As the most used powder material in coatings, pigment fillers play an important role in improving, enhancing, and innovating the performance of coatings (coating films). Pigments for coatings include carbon black, iron oxide, titanium dioxide, etc., and fillers are also called inert pigments, volume pigments, and brighteners, which refer to white and colorless pigments that do not have tinting power and hiding power. According to different mineralogical characteristics and basic chemical composition, fillers can be roughly divided into carbonate, silicate, silica, barium sulfate and aluminum hydroxide.

  • The role of inorganic fillers in coatings

Cost reduction: The thickness of the coating film can be increased by filling, which acts as a skeleton in the coating, making the coating film plump and thick, and therefore can reduce the cost of coating production.

Incremental enhancement: The filler can adjust the rheological properties of the coating, such as thickening, anti-settling, etc., and can also improve the mechanical strength of the coating film, such as improving abrasion resistance and durability.

Improve performance: The chemical composition, light, heat, electricity, magnetism and other properties of inorganic fillers can give coatings some functions.

  • Selection index of inorganic filler

There are many types and specifications of fillers, and the use of high-quality and stable products is very important to ensure the performance of the coating. In the selection of fillers, in addition to paying attention to its chemical composition and mineral form, the filler's particle size and distribution, hardness, oil absorption value, aspect ratio and other characteristics are also indicators that must be considered.

Application of Inorganic Filler in Coating Industry

  • Calcium carbonate

Basic performance: the most versatile extender pigment; chemically active, reducing film blistering, anti-mildew, and flame retardant; it not only reduces the cost but also acts as a skeleton, can increase the thickness of the film, improve the mechanical strength, abrasion resistance, and suspension.

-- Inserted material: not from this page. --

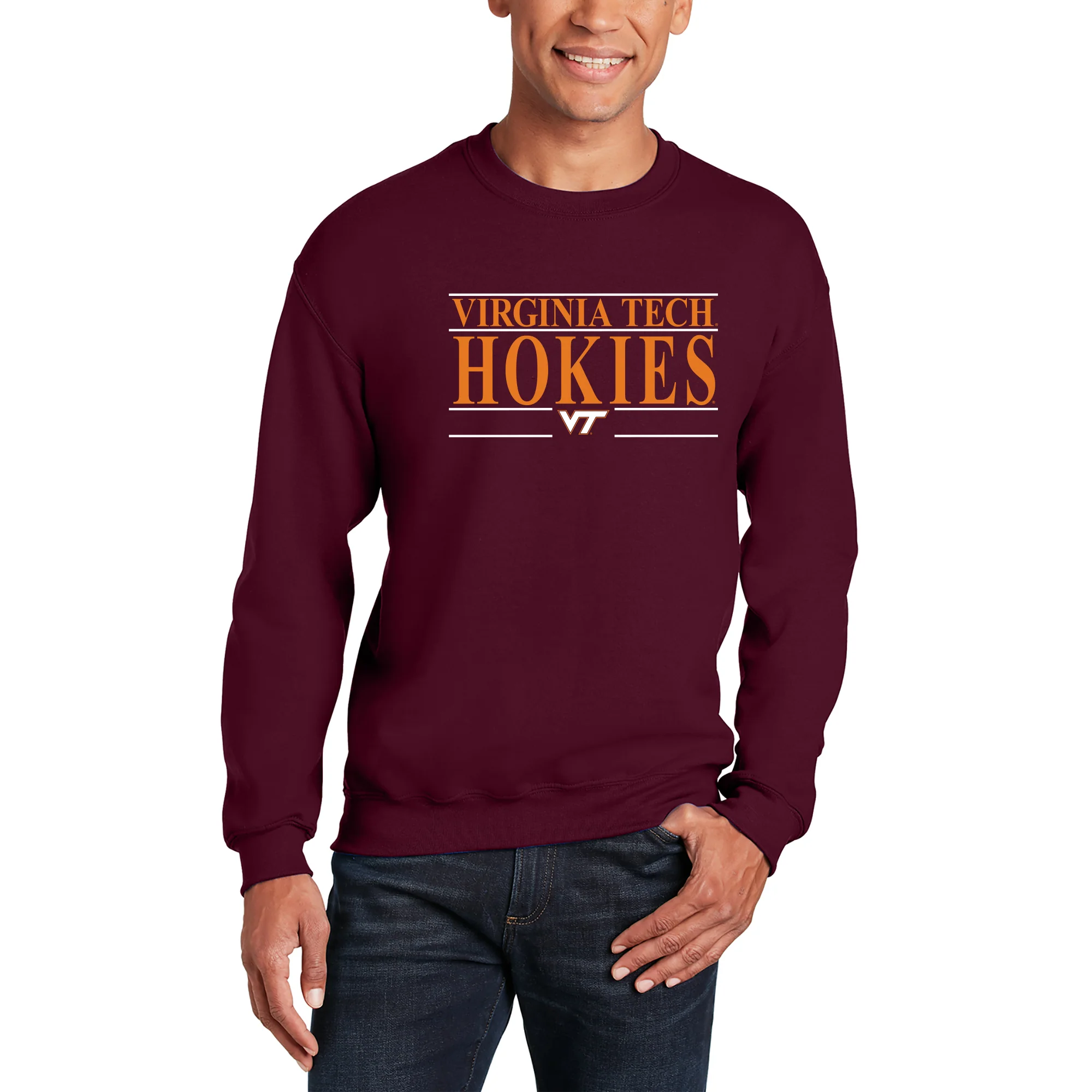 Virginia Tech Headline Crewneck Sweatshirt - Maroon - Image 3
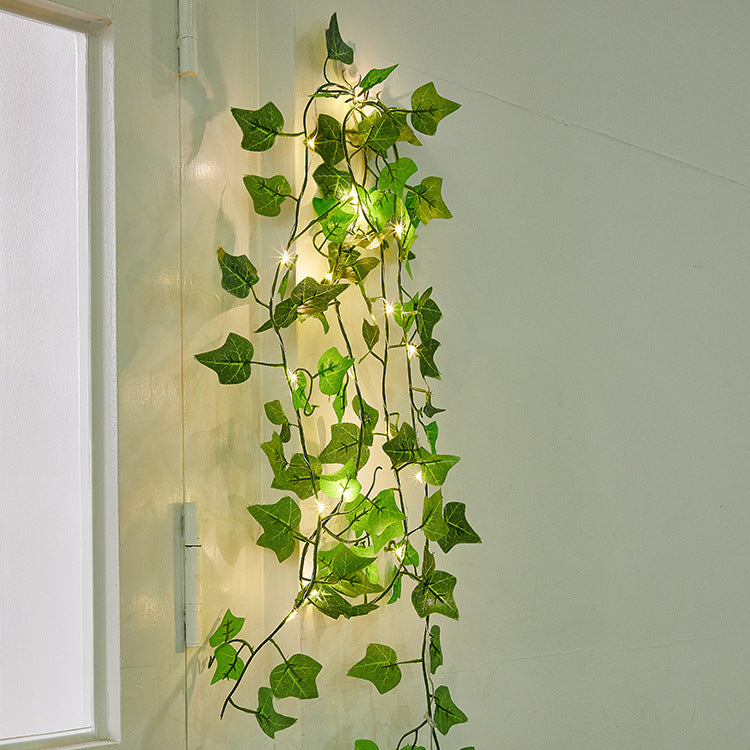 Battery-Operated Rattan String Lights with Maple Leaf Green LED for Holiday & Party Decor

High-quality natural calcium carbonate products are made of calcite, with high whiteness, and can be made into powders of various meshes required for coatings. Synthetic calcium carbonate is also called light calcium carbonate or precipitated calcium carbonate. Because the particles are finer, the oil absorption is greatly increased, and it is slightly alkaline. Synthetic calcium carbonate should not be used with pigments with poor alkali resistance. It can be used as a filler for water-based interior wall coatings in architectural coatings, but due to weather resistance and color retention It has poor performance and is rarely used in exterior wall coatings.

  • Dolomite

Basic performance: The theoretical composition is w(CaO)=30.4%, w(MgO)=21.7%, w(CO2)=47.9%, often containing impurities such as Fe, Si and Mn. It has the characteristics of surface adsorption, can provide magnesium and calcium source, high refractoriness, large specific surface area, good heat insulation and heat preservation effect.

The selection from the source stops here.